The IoC manifests many common “design patterns for insecurity” with respect to authentication:
-
A service may require no authentication whatsoever.
-
A service or set of services may use default authentication credentials, easily discoverable.
-
A service may have a permanent credential, never changeable.
-
A service may fail to allow for revocation of a credential or privilege.
-
A service may fail to allow for delegation of a privilege to another legitimate party (thus engendering workarounds).
These patterns are already emerging in the IoT. (“Anti-Pattern: Cryptography Blunders” will consider more specific cryptographic flaws.)
Instance: No Authentication
One of the most extreme ways a system can fail at authentication is to overlook it completely and provide a given service to anyone who requests it. Such a design can arise when the designers either did not think about security at all, or had a security model that theoretically disallowed the adversary from even reaching this service.
A timely IoT example of this is the controller area network (CAN) bus central to the IT system in a modern car. A component on this bus listens to see if it is being spoken to—but it has no way of verifying who was doing the speaking; rather, it implicitly assumes that anyone speaking to it has the right to do so. For example, it’s the engine control unit (ECU) that is supposed to tell the brakes to engage, but anything on the CAN bus can actually do this actually do this.
This flaw lays at the heart of the attacks Stefan Savage’s group published in academic venues in 2010 and 2011—including injecting malware into the car’s CD player, which then spoofed commands on the CAN bus [9]. It was also the weakness exploited in the highly publicized shutting down of a Wired reporter’s car (via the cellphone connection) while it was being driven on the highway in 2015 [29]. Researchers subsequently demonstrated attacking the CAN bus via digital radio [57]. There are even firsthand reports of a commercial automobile with a CAN bus connection in the taillight—so even if the car is locked, an adversary can jack in, unlock it, start it, and have all sorts of fun.

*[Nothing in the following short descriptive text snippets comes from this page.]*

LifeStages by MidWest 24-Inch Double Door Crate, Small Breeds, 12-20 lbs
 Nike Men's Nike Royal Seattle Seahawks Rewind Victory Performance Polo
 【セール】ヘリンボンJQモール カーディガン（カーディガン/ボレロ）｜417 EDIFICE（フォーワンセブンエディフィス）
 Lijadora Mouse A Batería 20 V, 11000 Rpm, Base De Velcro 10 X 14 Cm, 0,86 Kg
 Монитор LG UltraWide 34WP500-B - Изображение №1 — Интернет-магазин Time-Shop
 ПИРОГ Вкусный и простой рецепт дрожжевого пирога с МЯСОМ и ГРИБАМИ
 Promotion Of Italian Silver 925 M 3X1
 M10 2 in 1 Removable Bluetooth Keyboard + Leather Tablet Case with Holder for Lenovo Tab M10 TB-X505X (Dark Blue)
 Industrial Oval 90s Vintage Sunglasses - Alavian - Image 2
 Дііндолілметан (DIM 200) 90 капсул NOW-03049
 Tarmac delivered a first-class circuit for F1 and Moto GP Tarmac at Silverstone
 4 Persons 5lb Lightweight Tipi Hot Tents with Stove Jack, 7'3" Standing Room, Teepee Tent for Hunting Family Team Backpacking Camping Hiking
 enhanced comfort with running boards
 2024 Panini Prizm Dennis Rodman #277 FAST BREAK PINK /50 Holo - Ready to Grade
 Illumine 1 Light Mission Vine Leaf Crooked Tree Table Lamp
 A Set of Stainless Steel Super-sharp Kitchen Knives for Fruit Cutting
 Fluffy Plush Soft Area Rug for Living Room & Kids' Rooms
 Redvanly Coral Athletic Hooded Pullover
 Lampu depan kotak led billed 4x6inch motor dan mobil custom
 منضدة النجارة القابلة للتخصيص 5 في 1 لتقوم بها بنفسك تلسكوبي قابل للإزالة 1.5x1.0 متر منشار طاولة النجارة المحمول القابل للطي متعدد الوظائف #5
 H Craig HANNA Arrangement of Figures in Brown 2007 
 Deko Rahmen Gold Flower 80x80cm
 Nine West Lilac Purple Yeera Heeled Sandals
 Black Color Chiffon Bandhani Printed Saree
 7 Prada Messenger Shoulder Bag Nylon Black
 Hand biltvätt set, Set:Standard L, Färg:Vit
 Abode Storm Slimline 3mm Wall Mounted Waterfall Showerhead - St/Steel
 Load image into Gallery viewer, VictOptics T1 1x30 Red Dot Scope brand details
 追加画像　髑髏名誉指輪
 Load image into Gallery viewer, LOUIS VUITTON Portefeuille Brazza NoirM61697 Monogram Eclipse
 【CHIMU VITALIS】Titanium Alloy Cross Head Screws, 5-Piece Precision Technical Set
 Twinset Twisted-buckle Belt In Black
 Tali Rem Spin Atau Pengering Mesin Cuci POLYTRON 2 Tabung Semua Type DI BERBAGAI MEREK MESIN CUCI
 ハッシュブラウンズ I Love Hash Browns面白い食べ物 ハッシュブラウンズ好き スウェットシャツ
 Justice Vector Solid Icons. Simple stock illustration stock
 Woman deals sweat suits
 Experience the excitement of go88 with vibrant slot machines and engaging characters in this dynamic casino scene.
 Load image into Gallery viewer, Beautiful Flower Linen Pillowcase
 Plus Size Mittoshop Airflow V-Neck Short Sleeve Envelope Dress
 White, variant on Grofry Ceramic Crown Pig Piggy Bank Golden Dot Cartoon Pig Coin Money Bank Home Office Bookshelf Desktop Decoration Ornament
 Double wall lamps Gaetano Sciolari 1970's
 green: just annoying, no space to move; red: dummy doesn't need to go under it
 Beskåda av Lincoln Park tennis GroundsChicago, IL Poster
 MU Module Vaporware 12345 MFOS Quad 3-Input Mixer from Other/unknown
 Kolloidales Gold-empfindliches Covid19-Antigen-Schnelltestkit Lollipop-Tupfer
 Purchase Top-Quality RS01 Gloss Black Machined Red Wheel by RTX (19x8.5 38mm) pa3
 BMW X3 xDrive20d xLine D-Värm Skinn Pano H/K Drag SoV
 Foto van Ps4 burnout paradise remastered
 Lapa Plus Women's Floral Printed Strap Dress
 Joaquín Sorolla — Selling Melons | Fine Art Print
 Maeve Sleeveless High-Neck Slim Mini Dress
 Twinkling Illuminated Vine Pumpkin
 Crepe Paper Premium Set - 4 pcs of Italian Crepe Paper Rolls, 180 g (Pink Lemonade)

Chapter 1 lamented the difficulty of updating software on smart devices. Unfortunately, the opposite can also be a problem: some devices permit updating with no authentication whatsoever—if someone claims to have an update, the device happily reprograms itself. In the attack on the Ukrainian power grid in late 2015 [19], this flaw was used to turn many of the field devices into inert bricks that were beyond field repair, since the updated “software” no longer provided an update feature. This flaw was also discovered in Progressive Insurance’s Snapshot devices, which consumers plug into the diagnostic port in their cars to enable Progressive to measure their driving behavior and charge them lower premiums if the measured behavior implies lower risk [23]. An adversary who gets into this device can then get into the car’s internal network and launch an attack as just described. Direct physical access to the Snapshot would permit the adversary to inject a malicious upgrade. Compromise of the modem connecting the Snapshot to Progressive’s back-end would also enable the adversary to do this—and (as [23] notes) similar devices have been compromised. In 2016, CEO of EyeOs J. C. Norte wrote of discovering a different way to remotely reach into the open CAN network: via internet-connected Telematics Gateway Units (used at automotive repair shops) which themselves offered services worldwide with no authentication [44].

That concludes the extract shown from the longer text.